* TASK BRIEF *
Give an exact transcription limited to the lines from the one with "Man lying on" through the end of the entries, including both; no pictures belong in it.

* INFORMATION SHOWN *
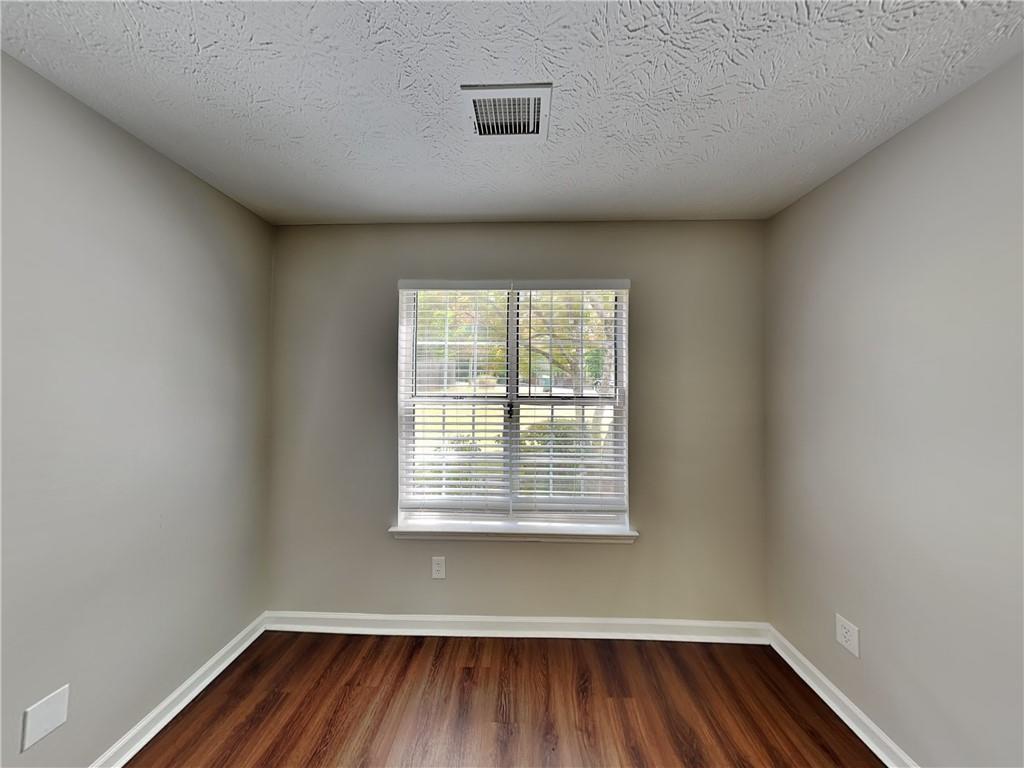3828 Windmill Circle Rex, GA 30273 - Photo 11 of 17 wooden floor in an empty room with a window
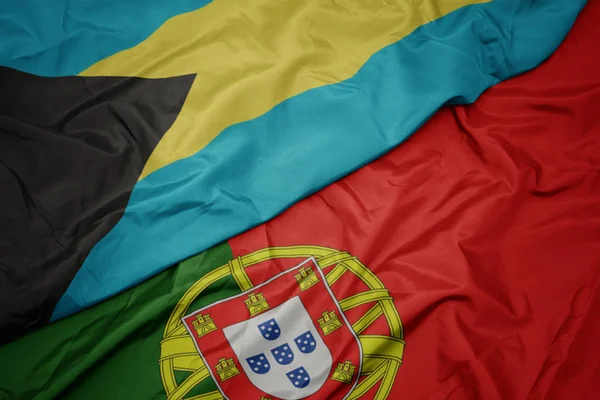 portekiz ve bahamalar ulusal bayrağı renkli bayrak sallayarak.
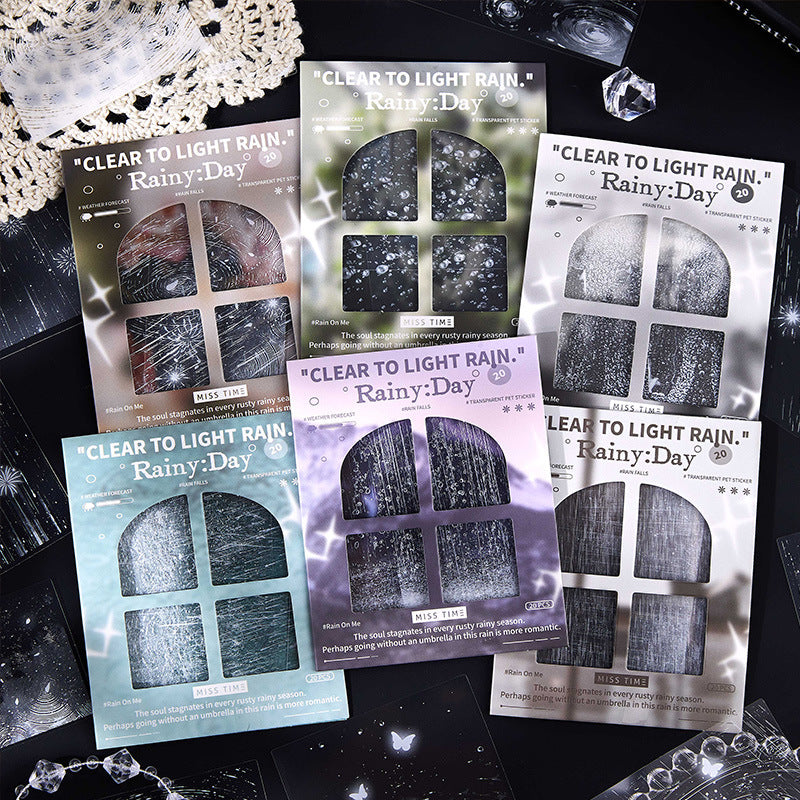 Six-color rainy day PET transparent sticker set displayed with packaging on dark background for aesthetic journaling and scrapbooking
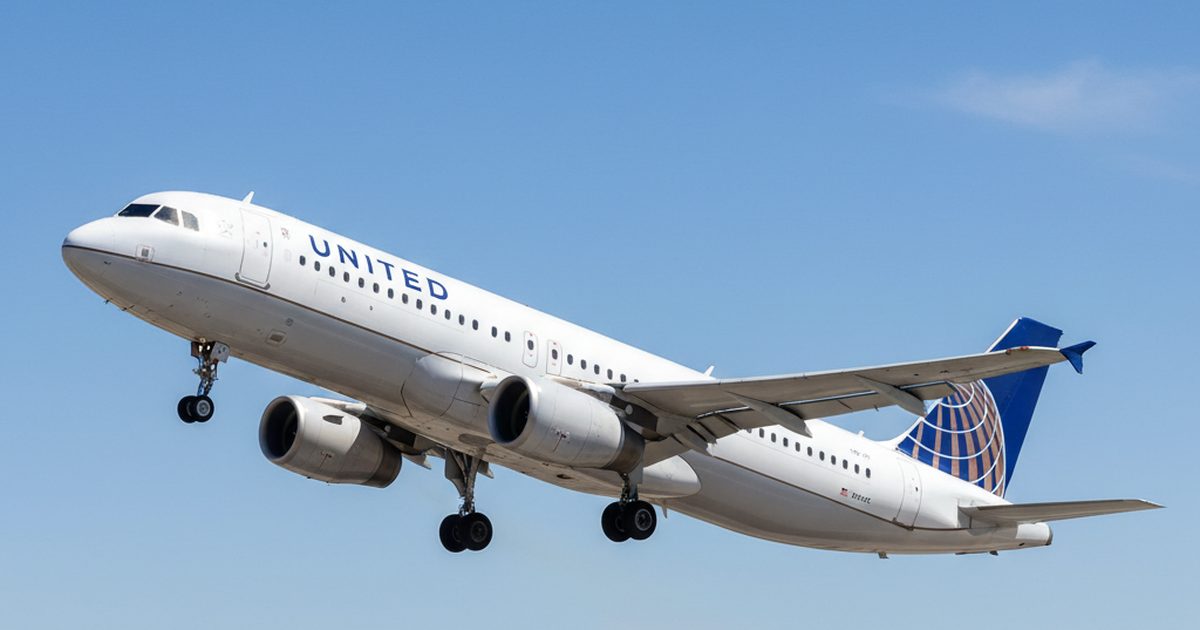 United A321neo lands at Dulles with blown-tire indication; rubber debris dented left flap over Virginia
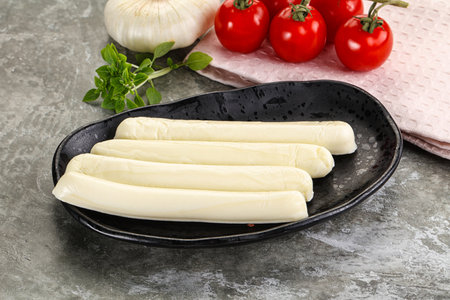 Mozzarella cheese stick heap snack appetizer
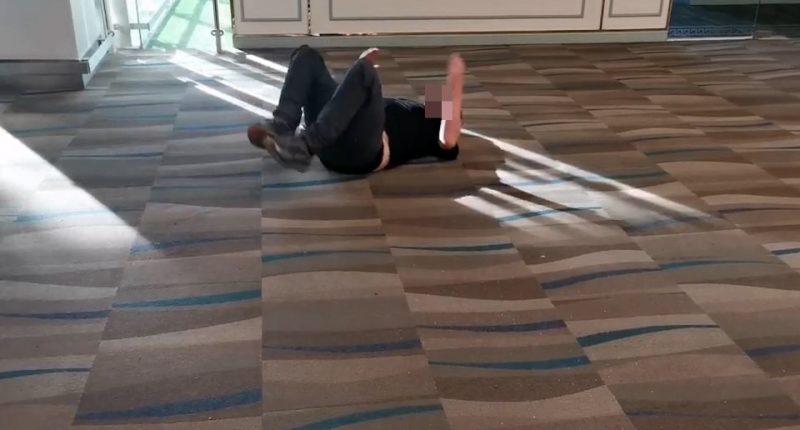 Man lying on airport floor after allegedly dropping cocaine.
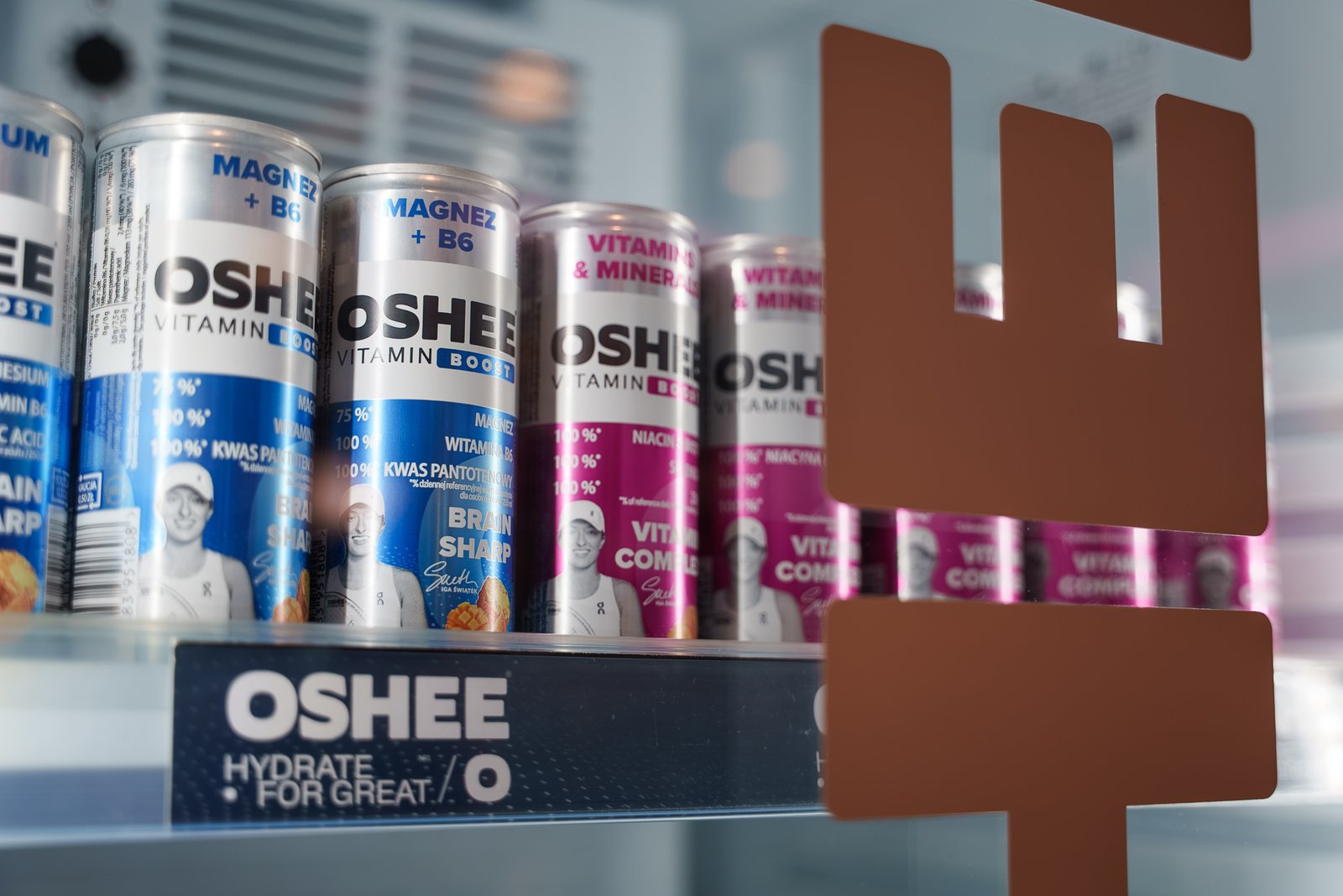 OSHEE Vitamin Boost cans featuring tennis champion Iga Swiatek as brand ambassador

* EXERCISE RESULT *
 Man lying on airport floor after allegedly dropping cocaine.
 OSHEE Vitamin Boost cans featuring tennis champion Iga Swiatek as brand ambassador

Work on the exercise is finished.